In this file photo taken on August 23, 2010, Philippine policemen take position as they start their attack on a hijacked tourist bus in Manila. AFP FILE PHOTO

MANILA, Philippines—As far as the Philippines is concerned, the death of eight Hong Kong tourists in a tragic bus hijack in Manila three years ago is a closed case.

The Department of Foreign Affairs (DFA) made this statement even as relatives of those who were killed in the incident took to a Hong Kong court Thursday and sued the Philippine government, including former Manila Mayor Alfredo Lim, saying their demands for a formal apology and proper compensation have yet to be met.

“As far as we’re concerned, this matter has been fully settled,” DFA spokesperson Assistant Secretary Raul Hernandez said via text message on Friday.

Hernandez has yet to issue comments on the legal action, saying the home office has not received official communication about the case from the Philippine Consulate in Hong Kong.

He earlier said it was the “prerogative of the families of the victims to take any action regarding this issue.”

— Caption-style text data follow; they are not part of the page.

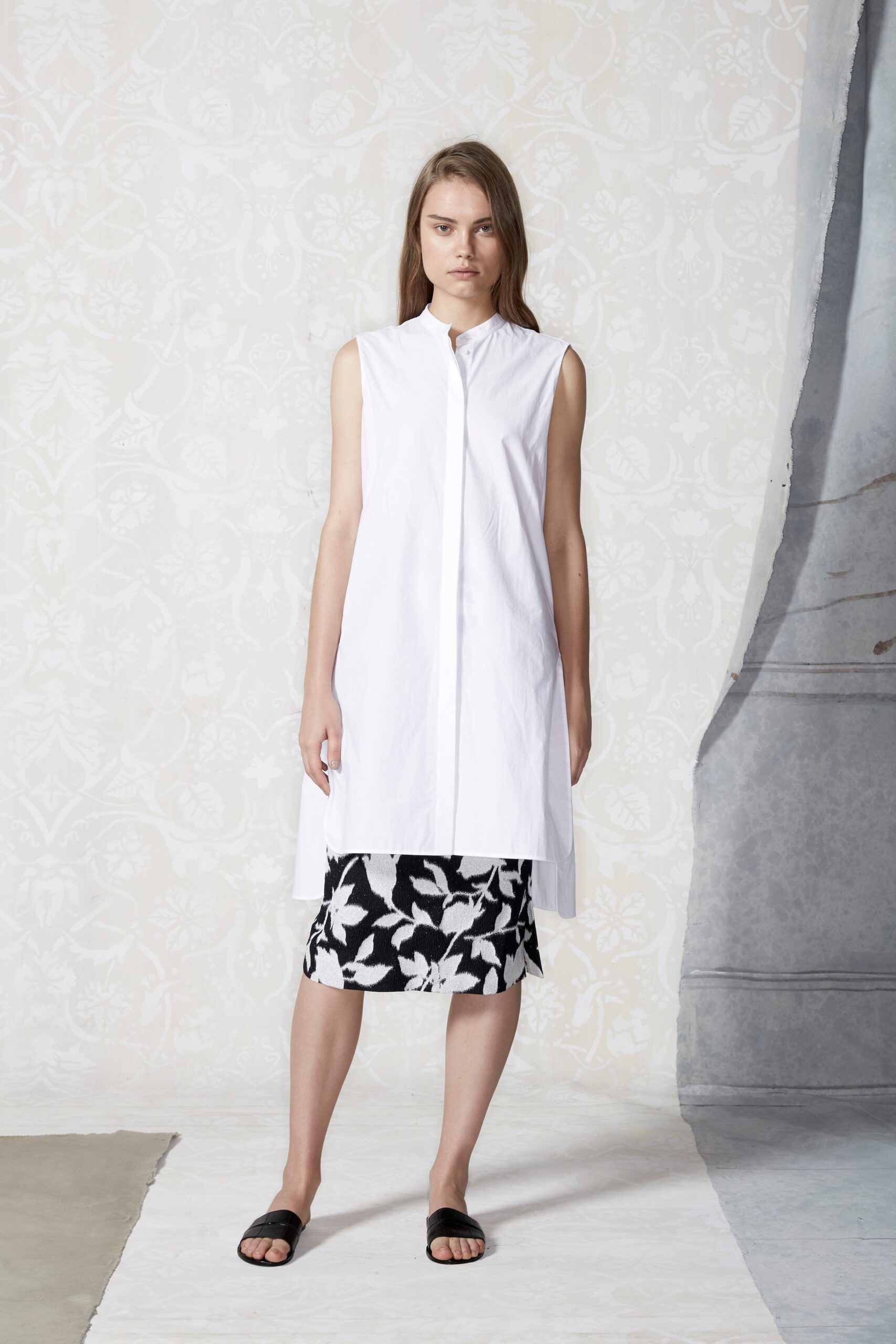 Brock Collection S/S 16 Look 83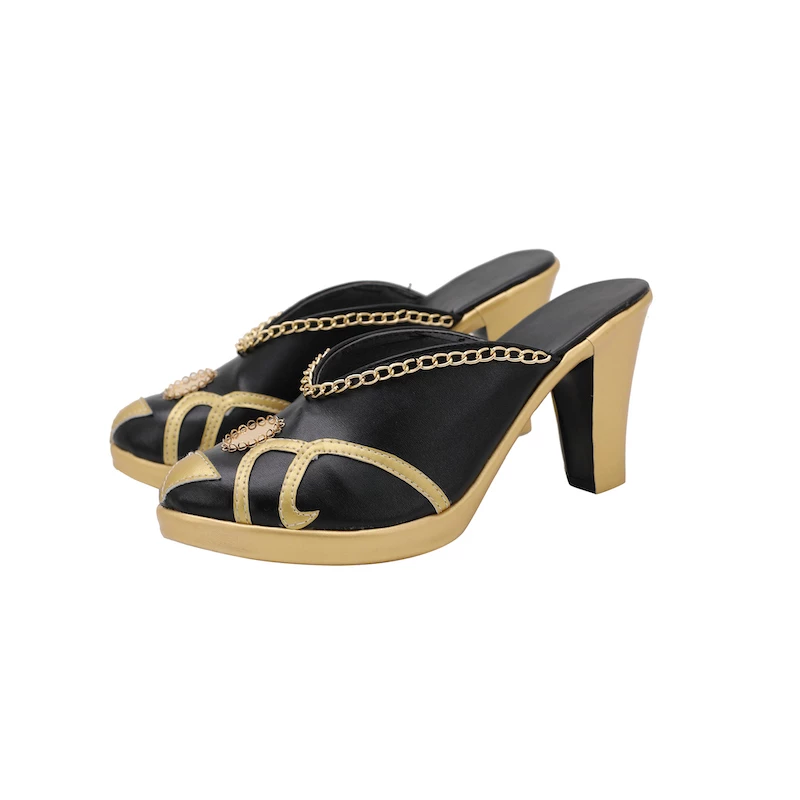 Love Live! All Stars! Mia Taylor Cosplay Shoes - Image 3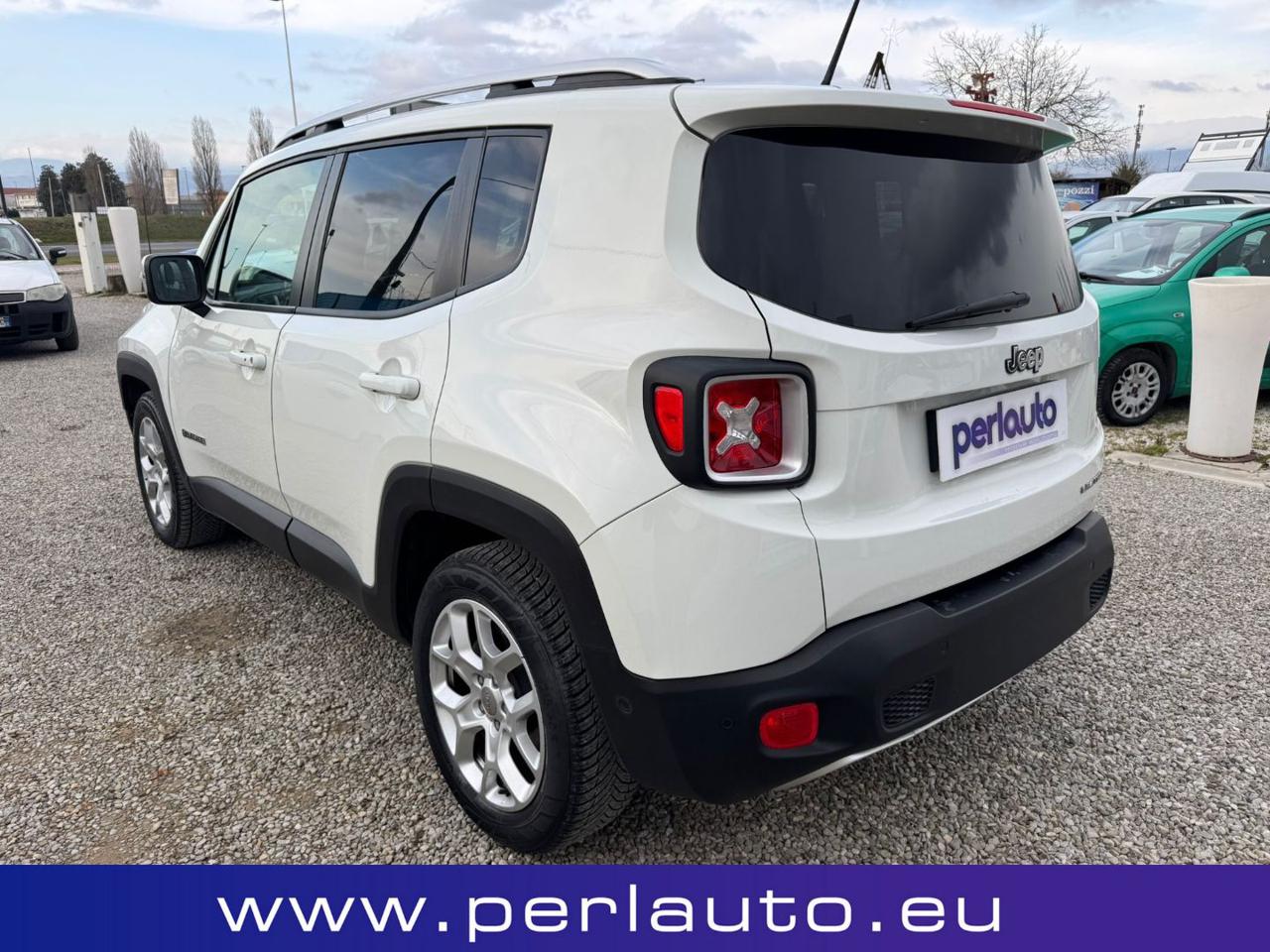 JEEP Renegade 1.6 Mjt 120 CV Limited - 6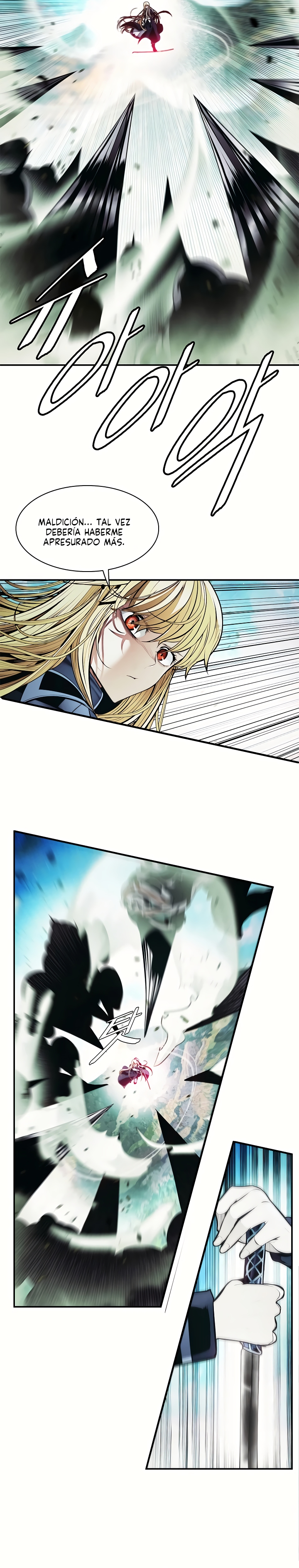 Read Dark Lady es Manga Online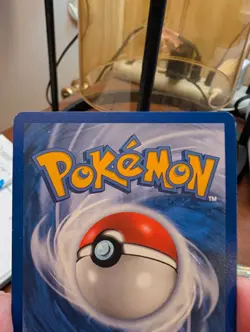 Pokemon Team Rocket Prerelease Stamped Promo Dark Houndoom 37/109 PLAYED! - Image 4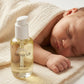 Soothing Baby Oil + Almond & Coconut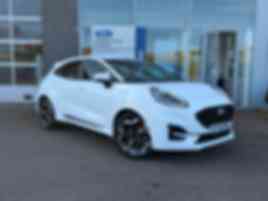 FORD PUMA 1.0 Ecoboost ST-LINE X 125ps Manual �19,995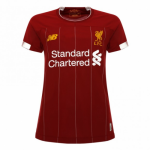 Women Liverpool Home 2019-20 Soccer Jersey Shirt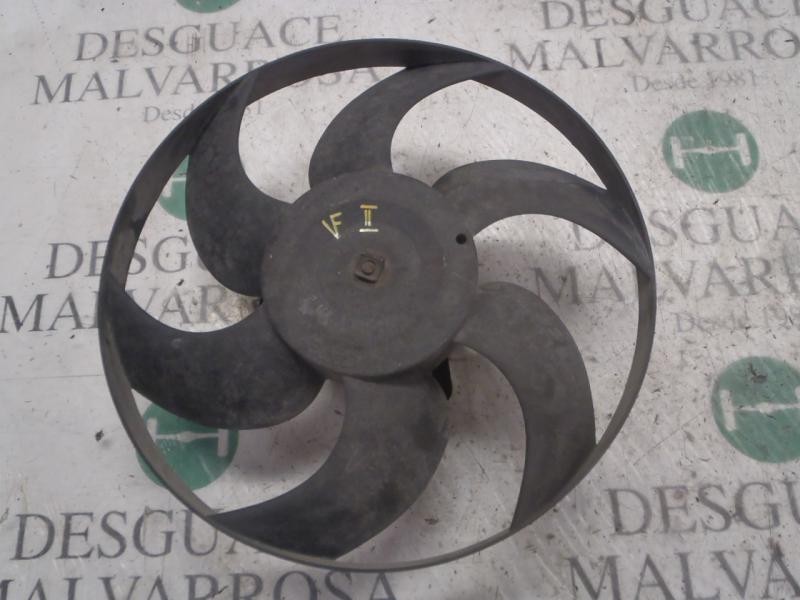 Recambio de electroventilador para land rover freelander (ln) 2.0 di hardback (72kw) referencia OEM IAM   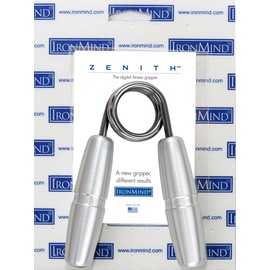 Zenith 1 Gripper from IronMind: Strength and Conditioning,size c. Zenith 1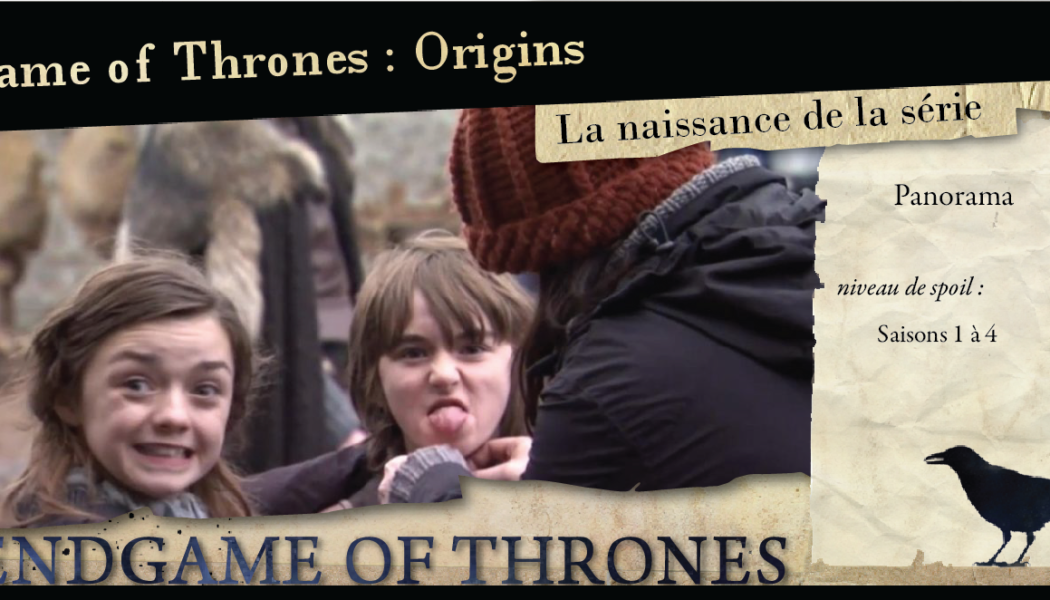 Game of Thrones : Origins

Relatives of the Hong Kong tourists killed in the Aug. 23, 2010, bus hostage drama on Thursday filed a lawsuit against nine parties in the Philippines on the eve of the incident’s third anniversary to press for compensation and reiterate their demand for a formal apology.

Their loved ones were among 22 Hong Kong tourists taken hostage by disgruntled police officer Rolando Mendoza in 2010, an incident that grabbed international headlines following a bungled rescue.

Mendoza was known to have killed the eight victims before police shot him dead, ending a much-criticized police operation meant to end the standoff.

President Aquino had said it was not appropriate for the Philippine government to apologize for the incident as the state was not responsible for the harm inflicted on the Hong Kong tourists.

He, however, expressed deep regret for the bloodshed, a sentiment communicated to Hong Kong by former Tourism Secretary Alberto Lim to former Hong Kong Chief Executive Donald Chang during a meeting on Dec. 16, 2010.

The House of Representatives and the Manila City Council also separately passed resolutions expressing sympathies to the Hong Kong people for the deaths. The Philippines has also provided “financial tokens of solidarity” to the victims’ families, the DFA said.